Roland Joffé: «Il mio san Escrivá tra fede e storia»

Riportiamo l'intervista pubblicata su "Avvenire" a Roland Joffé, regista del film ispirato alla figura di san Josemaría, che uscirà nelle sale spagnolo il 25 marzo.

Intervista pubblicata su Avvenire a firma di Emanuela Genovese

Amore e guerra civile. Perdono e odio. Dio e il mondo. Nel nuovo film di Roland Joffé, There be dragons, la passione per l’uomo san Josemaría (il fondatore dell’Opus Dei, canonizzato da Giovanni Paolo II nel 2002) si respira in tutto il film, che ha come attori protagonisti Charlie Cox, Wes Bentley e Dougray Scott. La pellicola, che uscirà nelle sale spagnole il 25 marzo e negli Stati Uniti il 6 maggio, non ha ancora una distribuzione in Italia.

Joffé, partiamo dal titolo: quali sono i draghi di cui parla il film?

L’origine del titolo viene dai draghi che nelle mappe antiche indicavano ciò che non era conosciuto. Ma nel film i veri draghi diventano l’avidità, l’odio, la morte.

Due sono i protagonisti: Manolo, un personaggio inventato, e san Josemarìa, un santo del Novecento. Perché ha voluto scrivere e dirigere una storia su di lui?
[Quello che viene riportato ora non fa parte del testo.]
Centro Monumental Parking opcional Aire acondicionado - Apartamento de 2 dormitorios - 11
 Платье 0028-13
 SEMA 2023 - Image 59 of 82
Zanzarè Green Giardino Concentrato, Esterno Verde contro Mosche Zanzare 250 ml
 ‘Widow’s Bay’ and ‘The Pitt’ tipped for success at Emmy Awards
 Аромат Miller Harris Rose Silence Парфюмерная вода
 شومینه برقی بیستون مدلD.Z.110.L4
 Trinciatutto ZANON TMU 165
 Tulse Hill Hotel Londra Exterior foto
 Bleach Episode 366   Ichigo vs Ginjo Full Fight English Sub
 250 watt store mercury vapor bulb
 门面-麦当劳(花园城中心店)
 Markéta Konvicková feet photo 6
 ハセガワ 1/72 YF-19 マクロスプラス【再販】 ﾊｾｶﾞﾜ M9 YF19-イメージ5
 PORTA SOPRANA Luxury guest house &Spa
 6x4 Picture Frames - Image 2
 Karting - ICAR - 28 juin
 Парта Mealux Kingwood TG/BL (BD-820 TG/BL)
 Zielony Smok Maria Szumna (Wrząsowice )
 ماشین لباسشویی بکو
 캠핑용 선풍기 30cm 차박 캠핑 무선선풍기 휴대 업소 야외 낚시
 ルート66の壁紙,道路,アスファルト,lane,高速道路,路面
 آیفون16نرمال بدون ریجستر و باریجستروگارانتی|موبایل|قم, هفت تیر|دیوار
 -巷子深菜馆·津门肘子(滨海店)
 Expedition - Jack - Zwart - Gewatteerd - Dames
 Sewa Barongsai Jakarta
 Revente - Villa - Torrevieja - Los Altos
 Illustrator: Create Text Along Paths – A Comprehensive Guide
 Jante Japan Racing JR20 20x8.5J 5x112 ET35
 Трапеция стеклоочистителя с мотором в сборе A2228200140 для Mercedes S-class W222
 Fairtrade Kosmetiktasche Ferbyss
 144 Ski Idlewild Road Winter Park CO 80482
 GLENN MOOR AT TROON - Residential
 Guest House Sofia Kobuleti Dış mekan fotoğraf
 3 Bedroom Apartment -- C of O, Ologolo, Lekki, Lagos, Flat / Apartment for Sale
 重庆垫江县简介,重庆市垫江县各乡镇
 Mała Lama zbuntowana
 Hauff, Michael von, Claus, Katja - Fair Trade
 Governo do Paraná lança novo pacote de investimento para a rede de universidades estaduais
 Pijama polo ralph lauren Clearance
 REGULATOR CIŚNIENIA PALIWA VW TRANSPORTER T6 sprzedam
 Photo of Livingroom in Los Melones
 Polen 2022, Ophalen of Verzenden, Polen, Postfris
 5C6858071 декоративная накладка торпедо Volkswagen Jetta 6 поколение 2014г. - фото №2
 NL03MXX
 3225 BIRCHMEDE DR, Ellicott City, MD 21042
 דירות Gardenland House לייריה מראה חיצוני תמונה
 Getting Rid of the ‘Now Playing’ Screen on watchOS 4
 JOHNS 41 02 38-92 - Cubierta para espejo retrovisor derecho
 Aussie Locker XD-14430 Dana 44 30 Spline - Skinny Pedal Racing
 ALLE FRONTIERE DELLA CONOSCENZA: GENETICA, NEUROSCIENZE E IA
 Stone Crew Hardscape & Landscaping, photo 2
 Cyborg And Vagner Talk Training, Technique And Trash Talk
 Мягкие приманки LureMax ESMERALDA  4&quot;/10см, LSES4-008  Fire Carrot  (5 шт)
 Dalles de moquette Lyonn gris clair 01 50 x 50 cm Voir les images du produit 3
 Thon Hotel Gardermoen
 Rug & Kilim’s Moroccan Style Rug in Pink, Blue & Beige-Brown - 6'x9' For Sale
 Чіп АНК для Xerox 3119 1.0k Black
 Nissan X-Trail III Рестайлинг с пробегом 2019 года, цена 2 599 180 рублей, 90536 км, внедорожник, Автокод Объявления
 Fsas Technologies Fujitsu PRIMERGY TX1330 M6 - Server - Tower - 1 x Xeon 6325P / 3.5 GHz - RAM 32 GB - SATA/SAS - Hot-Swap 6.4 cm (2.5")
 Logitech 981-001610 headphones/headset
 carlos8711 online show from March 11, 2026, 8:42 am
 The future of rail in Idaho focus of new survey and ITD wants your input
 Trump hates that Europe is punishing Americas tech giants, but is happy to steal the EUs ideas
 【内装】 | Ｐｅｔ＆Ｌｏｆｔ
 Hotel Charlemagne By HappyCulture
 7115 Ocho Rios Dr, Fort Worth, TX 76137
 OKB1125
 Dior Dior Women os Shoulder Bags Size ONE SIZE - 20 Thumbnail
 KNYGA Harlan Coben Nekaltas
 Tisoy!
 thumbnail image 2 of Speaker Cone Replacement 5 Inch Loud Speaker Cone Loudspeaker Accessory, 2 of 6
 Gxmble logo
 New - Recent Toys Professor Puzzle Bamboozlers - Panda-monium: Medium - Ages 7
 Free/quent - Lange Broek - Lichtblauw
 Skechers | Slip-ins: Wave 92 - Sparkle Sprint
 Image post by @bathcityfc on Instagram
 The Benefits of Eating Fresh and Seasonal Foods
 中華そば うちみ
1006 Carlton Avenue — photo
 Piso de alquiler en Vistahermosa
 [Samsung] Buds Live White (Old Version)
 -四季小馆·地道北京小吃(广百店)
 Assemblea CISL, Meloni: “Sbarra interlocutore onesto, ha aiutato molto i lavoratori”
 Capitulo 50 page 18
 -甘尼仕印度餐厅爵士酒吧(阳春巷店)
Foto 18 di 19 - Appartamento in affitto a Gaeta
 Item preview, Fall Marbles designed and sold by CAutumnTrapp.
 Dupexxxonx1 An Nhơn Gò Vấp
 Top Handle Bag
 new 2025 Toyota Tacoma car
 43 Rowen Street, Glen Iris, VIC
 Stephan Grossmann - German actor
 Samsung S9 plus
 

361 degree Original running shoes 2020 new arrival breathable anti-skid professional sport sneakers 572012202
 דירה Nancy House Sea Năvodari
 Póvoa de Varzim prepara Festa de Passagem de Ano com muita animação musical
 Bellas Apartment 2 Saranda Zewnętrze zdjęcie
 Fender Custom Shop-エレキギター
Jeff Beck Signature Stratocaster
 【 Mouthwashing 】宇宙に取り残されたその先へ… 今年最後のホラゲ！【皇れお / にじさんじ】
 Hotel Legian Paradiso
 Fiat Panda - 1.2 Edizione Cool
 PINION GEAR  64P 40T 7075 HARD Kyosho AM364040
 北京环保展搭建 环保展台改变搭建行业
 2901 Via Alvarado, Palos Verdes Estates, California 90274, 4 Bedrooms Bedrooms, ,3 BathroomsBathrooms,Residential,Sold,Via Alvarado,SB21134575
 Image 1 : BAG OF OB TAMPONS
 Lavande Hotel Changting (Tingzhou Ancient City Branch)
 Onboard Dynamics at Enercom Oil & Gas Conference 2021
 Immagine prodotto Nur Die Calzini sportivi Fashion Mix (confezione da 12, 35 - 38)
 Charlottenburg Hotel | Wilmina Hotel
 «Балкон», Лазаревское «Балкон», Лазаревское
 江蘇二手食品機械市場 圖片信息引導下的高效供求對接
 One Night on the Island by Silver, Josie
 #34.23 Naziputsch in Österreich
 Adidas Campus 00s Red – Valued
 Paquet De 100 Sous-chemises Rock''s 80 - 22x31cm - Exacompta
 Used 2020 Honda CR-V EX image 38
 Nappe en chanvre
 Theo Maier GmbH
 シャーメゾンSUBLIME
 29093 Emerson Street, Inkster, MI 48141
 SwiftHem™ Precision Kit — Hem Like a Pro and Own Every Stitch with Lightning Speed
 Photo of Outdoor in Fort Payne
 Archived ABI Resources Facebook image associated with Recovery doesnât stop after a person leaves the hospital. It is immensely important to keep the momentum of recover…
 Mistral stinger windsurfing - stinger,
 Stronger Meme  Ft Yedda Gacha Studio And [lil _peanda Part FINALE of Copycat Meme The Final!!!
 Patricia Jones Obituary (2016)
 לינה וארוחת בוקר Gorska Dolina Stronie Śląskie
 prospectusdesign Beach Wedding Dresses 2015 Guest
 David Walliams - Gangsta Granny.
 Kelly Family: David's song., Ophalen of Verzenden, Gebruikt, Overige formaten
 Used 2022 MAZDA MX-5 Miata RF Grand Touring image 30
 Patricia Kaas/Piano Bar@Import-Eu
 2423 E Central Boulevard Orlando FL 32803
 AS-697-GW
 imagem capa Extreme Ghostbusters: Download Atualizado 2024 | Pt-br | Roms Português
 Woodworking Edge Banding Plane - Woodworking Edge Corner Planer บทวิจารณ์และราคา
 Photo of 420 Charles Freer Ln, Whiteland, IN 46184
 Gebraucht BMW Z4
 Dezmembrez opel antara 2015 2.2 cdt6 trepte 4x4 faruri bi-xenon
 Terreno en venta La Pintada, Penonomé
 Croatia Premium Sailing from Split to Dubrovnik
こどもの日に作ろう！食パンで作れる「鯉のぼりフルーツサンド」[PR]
Sono rimasto colpito, dopo aver visto un filmato, dalla sua naturale e profonda umanità. Lui non era un uomo ‘ideologico’. E poi dalla sua allegria e dalla sua capacità di credere nella libertà degli altri. Uno sguardo alle realtà di ogni giorno che lo portava a trovare Dio nella vita quotidiana. Mi sono chiesto: come faceva a trovare Dio nella guerra? Da lì è nato il desiderio di fare un film su un messaggio cristiano che portava in primo piano l’amore, anche attraverso la guerra e il perdono. La forza del messaggio di san Josemaría è che arrivava e arriva a tutti, atei e non credenti, e fa capire quanto è straordinario vivere la vita di ogni giorno, lottando contro ciò che non va.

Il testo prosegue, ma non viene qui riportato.